Recorded information:

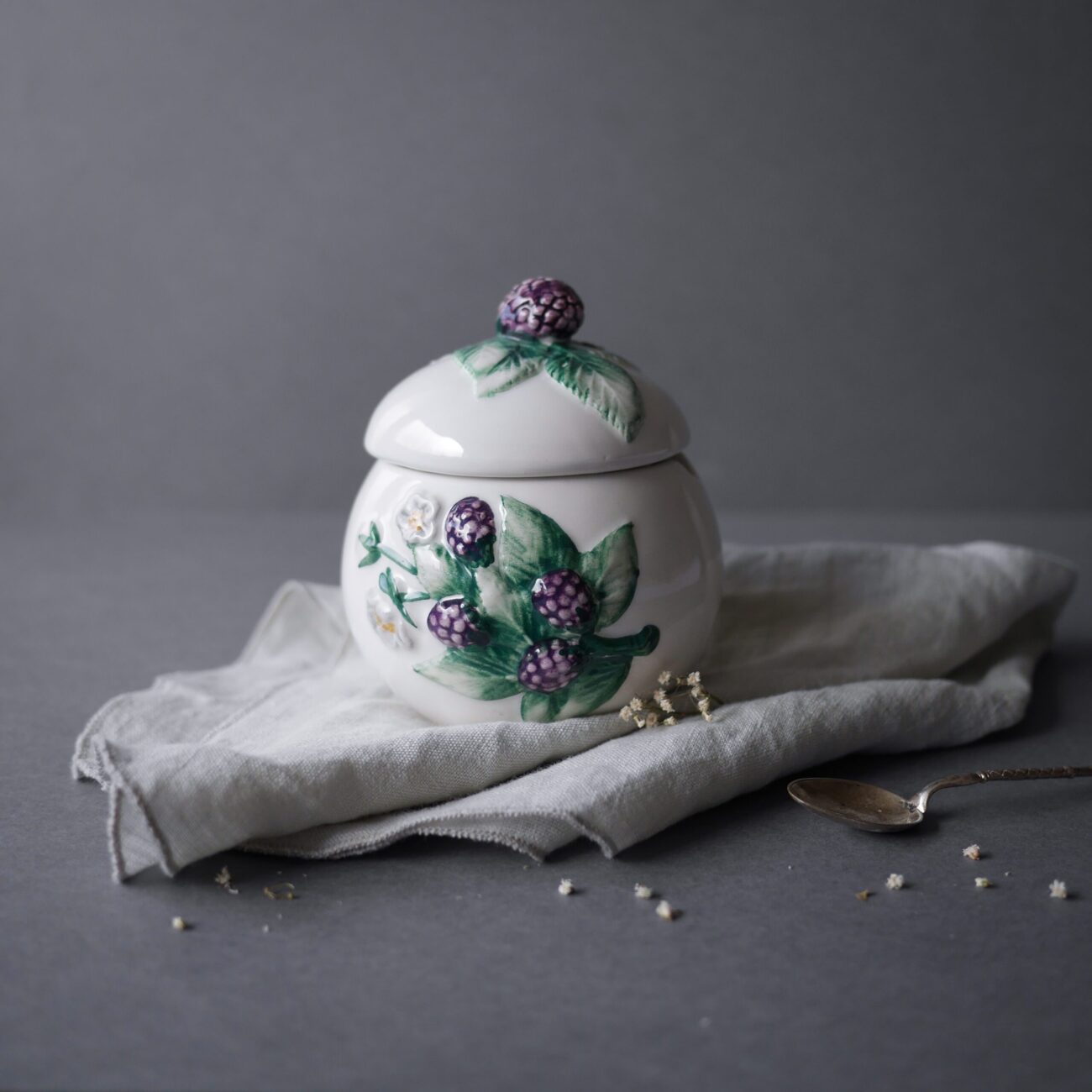 Porcelænskrukke med lilla bær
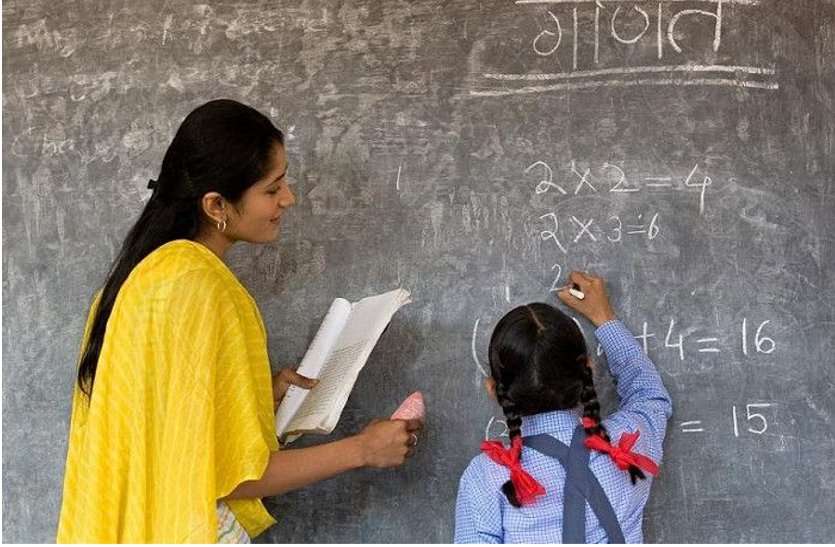 third grade teacher तृतीय श्रेणी के तबादलों में हुआ ये बड़ा खेल, मनाही के बावजूद शिक्षकों को टीएसपी से नॉन टीएसपी में किया रिलीव
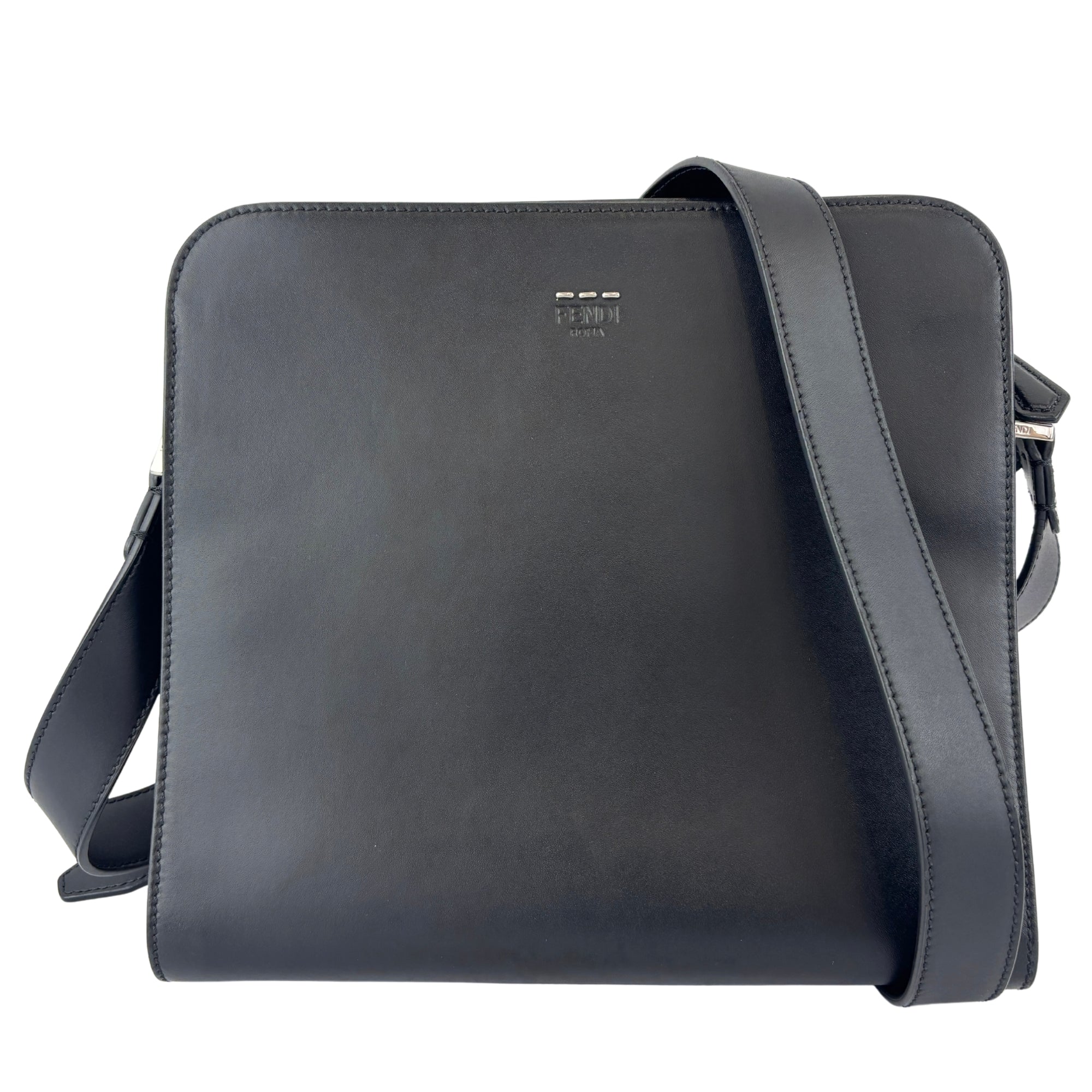 7VA415-70R Men's Black Smooth Leather Messenger Bag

What needs to be done: Restate the material word for word, minus pictures.

Finished exercise:
 Porcelænskrukke med lilla bær
 third grade teacher तृतीय श्रेणी के तबादलों में हुआ ये बड़ा खेल, मनाही के बावजूद शिक्षकों को टीएसपी से नॉन टीएसपी में किया रिलीव
 7VA415-70R Men's Black Smooth Leather Messenger Bag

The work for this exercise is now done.